Saliency Detection via Absorbing Markov Chain

Abstract — 摘要

In this paper, we formulate saliency detection as a problem of computing the absorption time of absorbing Markov chains on image graphs. We construct a graph where image superpixels serve as transient nodes and boundary superpixels are designated as absorbing nodes. The expected absorption time from each transient node to the absorbing boundary nodes effectively measures the dissimilarity between interior regions and the image boundary, naturally distinguishing salient objects from the background. To handle false positives that arise from homogeneous background regions near the image center, we further leverage the equilibrium distribution of an ergodic Markov chain to refine the saliency map. Experiments on four benchmark datasets demonstrate that our method achieves competitive or superior performance compared to state-of-the-art approaches.

本文將顯著性偵測公式化為計算影像圖上吸收馬可夫鏈之吸收時間的問題。我們建構一個圖，其中影像超像素作為暫態節點，邊界超像素被指定為吸收節點。從每個暫態節點到吸收邊界節點的期望吸收時間，有效地衡量了內部區域與影像邊界之間的差異性，自然地將顯著物件與背景區分開來。為處理影像中心附近均質背景區域所引起的誤正例，我們進一步利用遍歷馬可夫鏈的均衡分布來精煉顯著性圖。在四個基準資料集上的實驗證明，我們的方法達到了與最先進方法相當或更優的表現。

段落功能全文總覽——以遞進方式從「馬可夫鏈建模」到「吸收時間計算」再到「遍歷修正」，預告實驗成果。

邏輯角色摘要精確對應了三層技術貢獻：(1) 吸收馬可夫鏈的新框架；(2) 邊界先驗的數學實現；(3) 均衡分布的修正機制。

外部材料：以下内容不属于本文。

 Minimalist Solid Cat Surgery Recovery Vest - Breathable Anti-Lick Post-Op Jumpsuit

結構緊湊完整。

論證技巧 / 潛在漏洞將顯著性偵測重新框架為馬可夫鏈問題，具有概念上的新穎性。但「邊界即背景」的假設在某些場景（如物件被裁切）中可能失效，作者透過遍歷修正試圖緩解此問題，但未在摘要中明確其適用範圍。

1. Introduction — 緒論

Salient object detection aims to identify the most visually prominent regions in an image. It has wide applications in image segmentation, content-aware resizing, object recognition, and visual tracking. Most existing approaches compute saliency based on local or global contrast: local methods compare each pixel or region with its neighbors, while global methods compare regions against the entire image statistics. While effective, contrast-based methods may fail when the salient object has similar color distribution to the background or when the background is complex and heterogeneous.

顯著物件偵測旨在識別影像中最視覺突出的區域。它在影像分割、內容感知裁切、物件辨識與視覺追蹤等方面具有廣泛應用。大多數現有方法基於局部或全域對比來計算顯著性：局部方法比較每個像素或區域與其鄰域，全域方法則比較區域與整幅影像的統計特性。儘管有效，基於對比的方法在顯著物件與背景具有相似色彩分布，或背景複雜且異質時可能失效。

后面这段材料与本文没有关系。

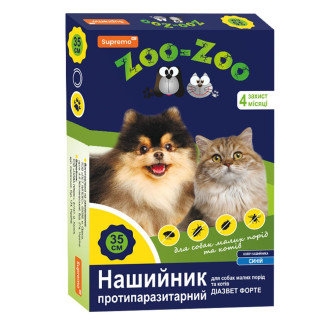 Нашийник SUPREMO ZOO-ZOO для котів та собак дрібних порід, (Діазинон, Пірипроксифен) 35 см , Синій, захист від параз. 4 міс.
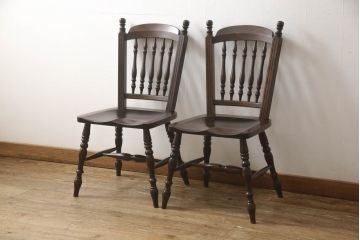ビンテージ家具　松本民芸家具　クラシカルなダイニングづくりにぴったりの安川式スピンドルチェア2脚セット(板座チェア、ダイニングチェア、椅子、ヴィンテージ)(R-059681)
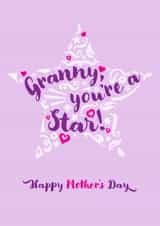 Classic Mother’s Day Card - For Granny - Star created by Fatchair Print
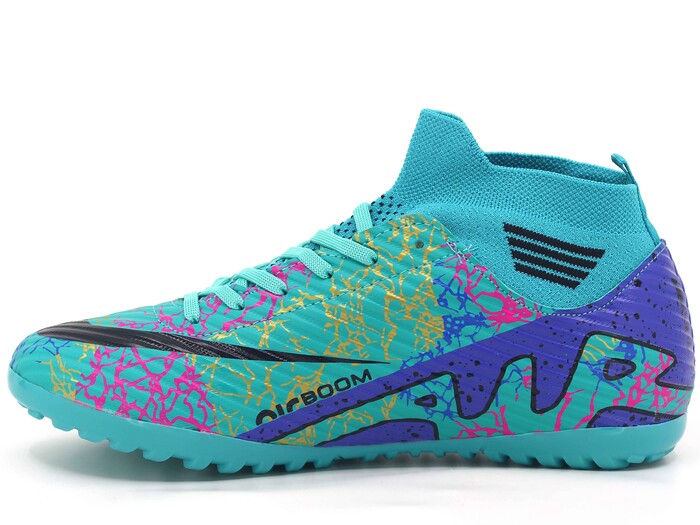 Twingo Merdane 565 LaLiga Çoraplı Halı Saha Ayakkabısı Turkuaz - Mor Desenli - Twingo (1)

段落功能建立研究場域——定義問題並指出對比方法的兩大失敗模式。

邏輯角色論證鏈的起點：先以應用場景建立重要性，再揭示對比範式的結構性缺陷，為馬可夫鏈方法的引入建立動機。

論證技巧 / 潛在漏洞兩個失敗模式（色彩相似、背景複雜）的列舉具體且有說服力。但這些失敗模式對於馬可夫鏈方法是否同樣存在，需在後文中回應。

Recent works have explored the use of boundary prior — the observation that image boundaries are predominantly occupied by background regions. Methods such as geodesic saliency leverage this prior by computing the shortest geodesic distance from each region to the image boundary. In this paper, we propose a principled formulation based on absorbing Markov chains that naturally integrates the boundary prior with a global diffusion process. The absorption time captures both local appearance similarity and global connectivity structure, providing a more robust saliency measure than simple distance metrics.

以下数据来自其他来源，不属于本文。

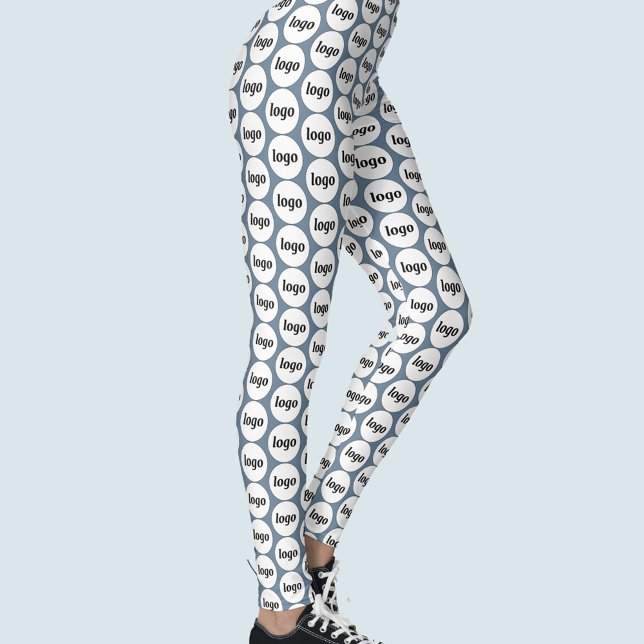 Simple Logo Business Pattern Dusty Blue Leggings (Simple logo pattern business promotional branding leggings)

近期研究探索了邊界先驗的使用——即影像邊界主要被背景區域佔據的觀察。如測地線顯著性等方法利用此先驗，計算每個區域到影像邊界的最短測地線距離。本文提出一種基於吸收馬可夫鏈的原則性公式化方法，自然地將邊界先驗與全域擴散過程整合。吸收時間同時捕捉了局部外觀相似性與全域連通結構，提供比簡單距離度量更穩健的顯著性衡量。

段落功能提出核心思想——將邊界先驗與馬可夫鏈擴散結合。

邏輯角色承接上段的問題陳述，此段將方法定位為「測地線顯著性的升級版」——從靜態距離到動態擴散過程，理論深度提升。

論證技巧 / 潛在漏洞以「原則性公式化」一詞暗示方法具有嚴格的數學基礎，與啟發式方法形成對比。但馬可夫鏈的轉移機率設定仍需啟發式選擇（如特徵距離的核函數），並非完全「原則性」。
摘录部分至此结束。